Now Moo La La, sorry, I’m going to have to call it the Silly Old Moo, makes a big thing of proudly proclaiming that it “works with Sheffield farmers and suppliers to source a bit of the countryside and deliver it right to the doorstep.”
It lists them on the menu.
Good for them although it’s what every decent chef worth his Maldon salt is doing these days.
I hadn’t realised they took it so seriously until I ordered the nettle soup (£3.95).
“I hope your nettles are local,” I smirked.
“From Devonshire Green,” said our waitress. For those unfamiliar with this part of central Sheffield it’s the patch of ground just across the road.
“But what if a dog has cocked his leg on it?” (As this is a family newspaper this is a bowdlerised translation.)
“It’s been sterilised,” she insisted. Well, I am all for foraging. I enjoyed it – a bit like a spinach soup – with only the odd stalk, served up with slices of good bread from the Bakewell Pudding Company.
My wife had the asparagus, goats cheese and spring onion tartlet (£4.95), which she imagined would be, well, a tartlet, but turned out to be a quiche, pretty good although low on goatiness.
The Silly Old Moo is in the premises of what used to be the Indian eatery Dosanj, a good idea which didn’t take off. It retains its open kitchen at the end, a banquette against one wall and pleasing local pictures. We sat under Clouds Over Oughtibridge.
The restaurant is run by Lisa Levick and Matt Mosley, and their partners, who have hired former army chef Garry Dodd to specialise in British dishes such as fish and chips, Welsh rarebit, bangers and mash and prawn cocktail along with more summery dishes such as salmon in a parcel and sea bass ratatouille as well as steaks and burgers.
Our order was taken by Kathryn, Matt’s other half, whom we remembered from Zizzi in Orchard Square about three years ago.
Kathryn is one of the city’s best waitresses, very jolly, very Sheffield and a tiny bit in your face, with none of this nonsense about writing down your order. She has risen from assistant to general manager at Zizzi and I can understand why.
Nothing is too much trouble.
She was the best part of our meal then and again today.
For our mains we ate off the summer specials board and my wife went for the salmon with Henderson’s Relish in a parcel (£10.45).
Now I guessed this was never going to be a good idea – Hendo’s contains spirit vinegar, acetic acid and cloves – but gave Garry the benefit of the doubt.
Perhaps if the fish had not been overcooked or swamped with relish it might have stood a chance. But it was and it had been. There is no other word but awful.
One good point: the foil parcel was opened at the table to release the aroma for the diner, not the kitchen.
I’d already seen the kitchen struggle with culinary terms like tartlet but wasn’t prepared for what followed with my rabbit medallions (£11.95).
Now a medallion is an oval slice of meat and I was thinking Garry would have to do some pretty nifty butchery on the saddle or haunch.

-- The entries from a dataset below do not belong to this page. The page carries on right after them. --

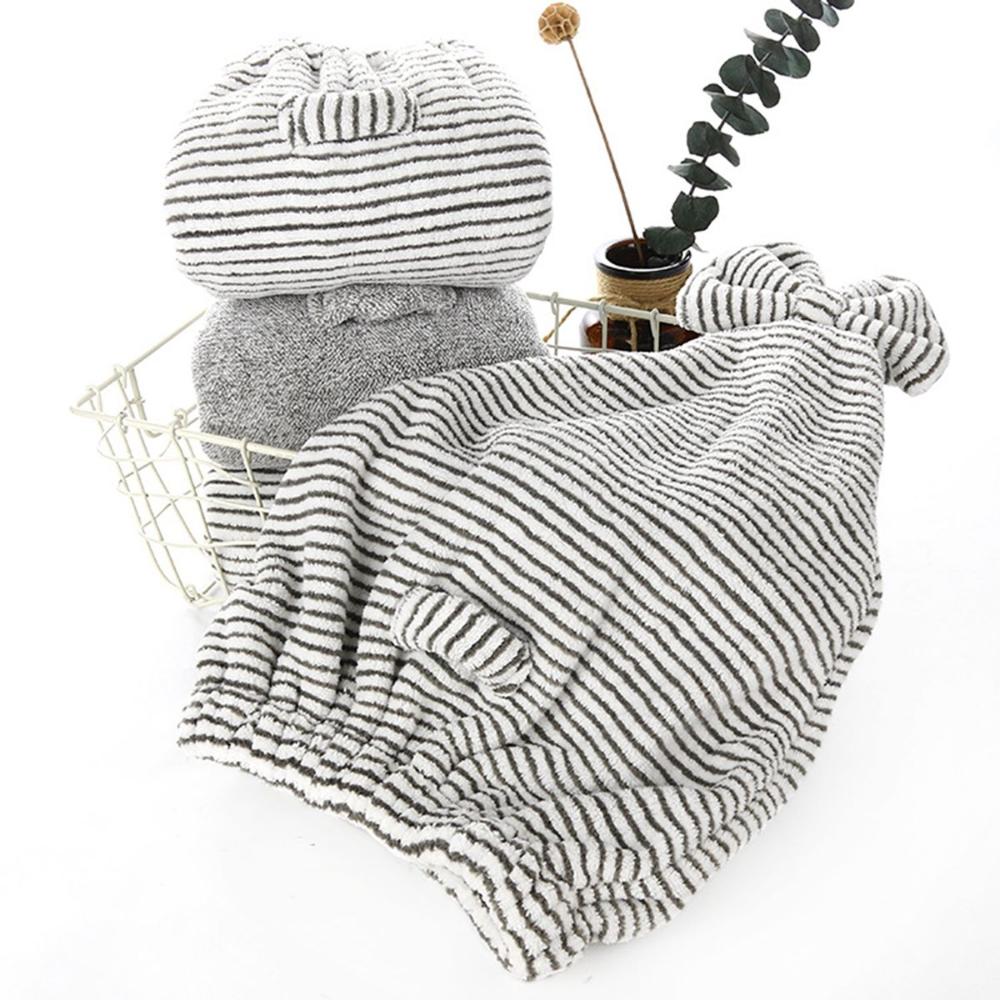 

Charcoal Fiber Anti-bacterial Quick Dry Absorbent Towel Cap Bath Hat Hair Drying Cap Turban Wrap grey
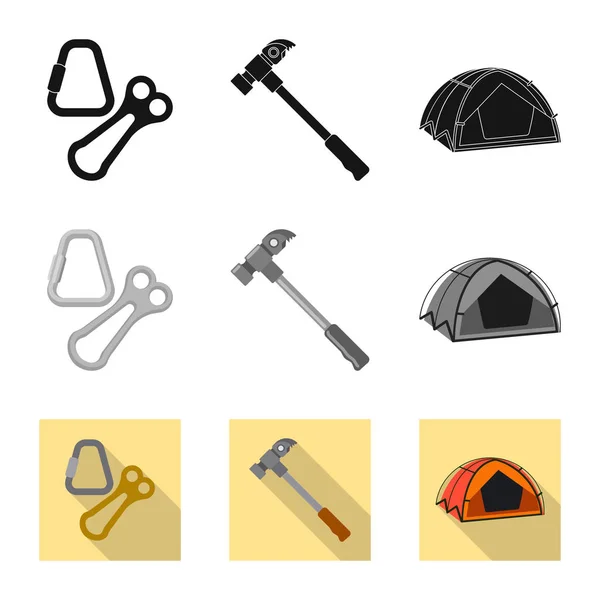 Ilustración vectorial de alpinismo y logo pico. Colección de montañismo y vector de campamento icono para stock . — Archivo Imágenes Vectoriales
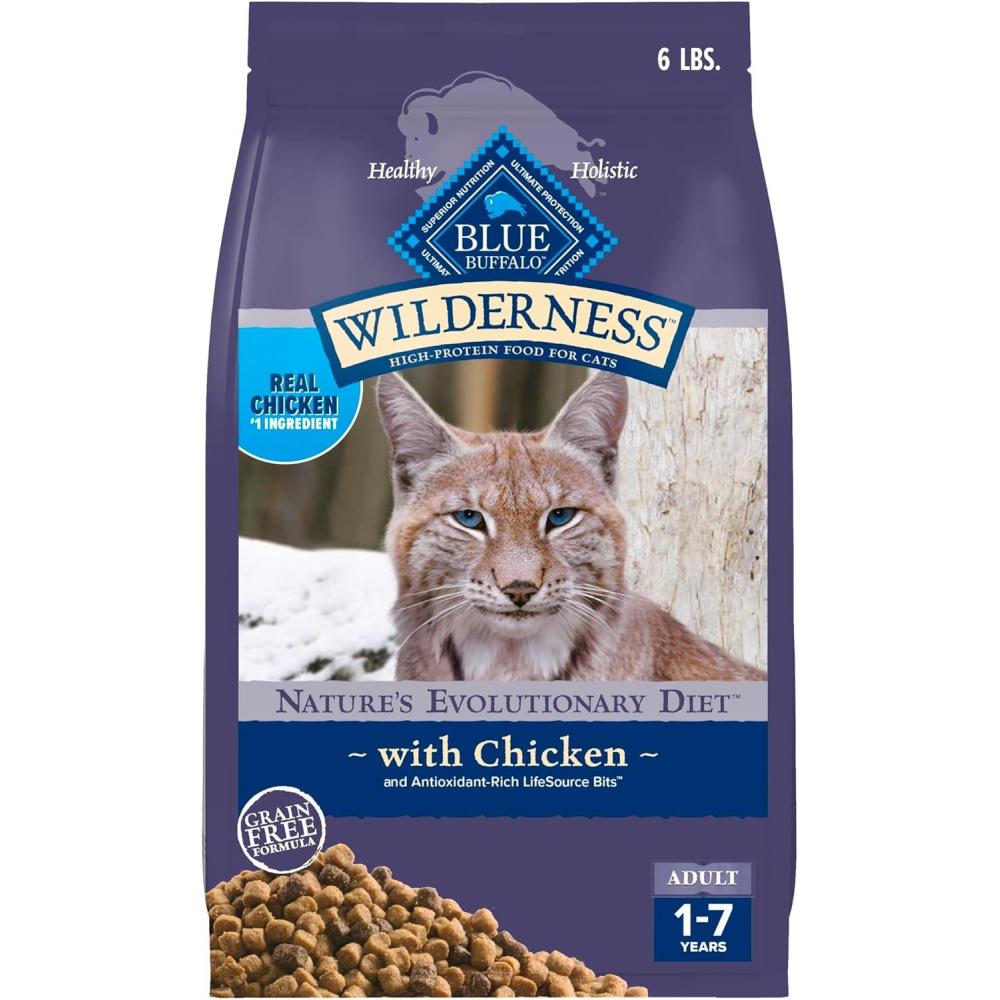 imageBlue Buffalo Wilderness Natural Adult Dry Cat Food HighProtein and GrainFree Diet Supports Healthy Muscle Development and a Healthy Immune System Chicken 12lb Bag6 Pound Pack of 1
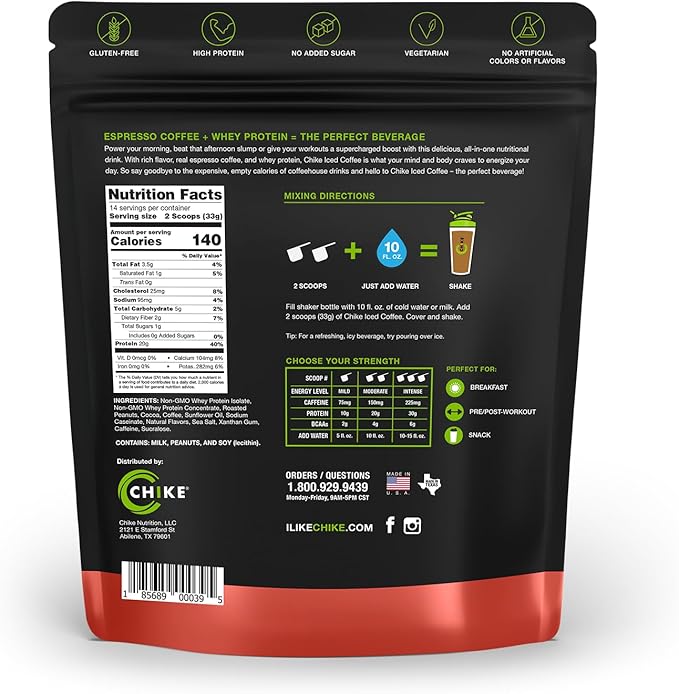 Chike Chocolate Peanut Butter High Protein Iced Coffee, 20 G Protein, 2 Shots Espresso, 1 G Sugar, Keto Friendly and Gluten Free, 14 Servings (16.3 Ounce)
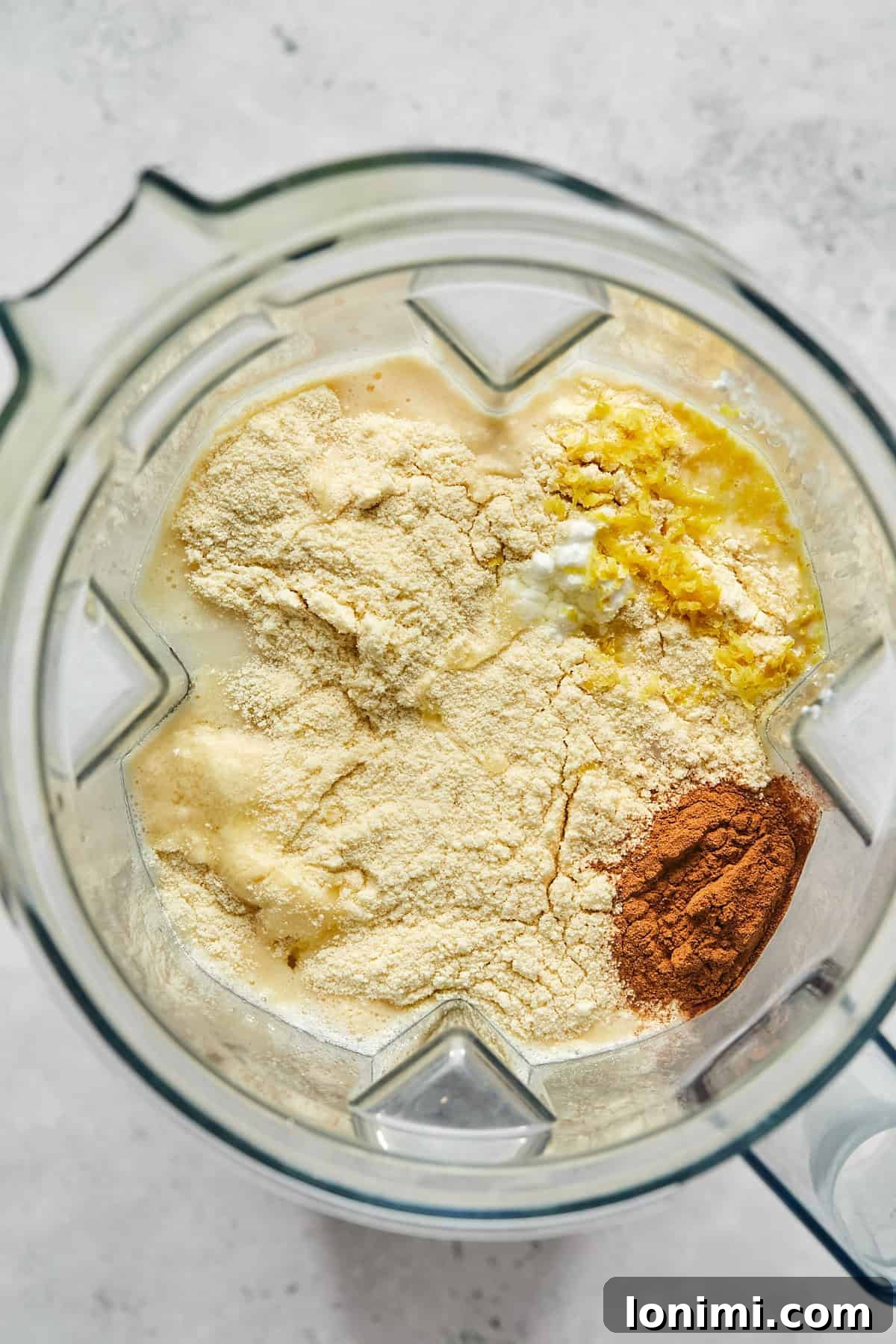 ingredients for protein french toast in a blender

What I hadn’t bargained for was getting three mini rabbit burgers.
They tasted bland. They came with some spinach, game chips (home made crisps) and a little shot glass of ‘Bloody Mary,’ home made tomato sauce with Hendo’s.
The whole lot was hardly more than a mouthful. I looked enviously at the bloke on the next table with enough roast pork belly to feed a platoon.
I’d been stung. Perhaps that nettle soup was slow in kicking in. So I’d had what amounted to two starters,
We shared the assiette of desserts (£8.95): a trio of puds (lemon tart, bread and butter and cheesecake) which can be summed up in one word: sturdy.
I don’t want to knock a new business and our experience was not shared by the next table. He of the mammoth pork belly was loud in his praise to Kathryn.
My advice is to junk the salmon with Relish and send the rabbit to the starters with a proper menu description.
We paid £40.25 for food, £5.85 for drinks (a glass of wine and a half of Bradfield Brewery’s Brown Cow bitter) and £3.90 for poor coffee.
Still hungry, I wandered off across Devonshire Green in search of a nettle to nibble.
Moo La La
Address: Unit 12, West One, Fitzwilliam Street, Sheffield S1 4JB.
Telephone: 0114 276 276.
Open Mon-Wed noon- 10pm, Thurs until 10.30pm. Fri-Sat 12-11pm. Sun 12-10pm. Licensed. Vegetarian dishes. Children’s menu. Lively music. Credit cards. Disabled access and toilets. Public car park opposite.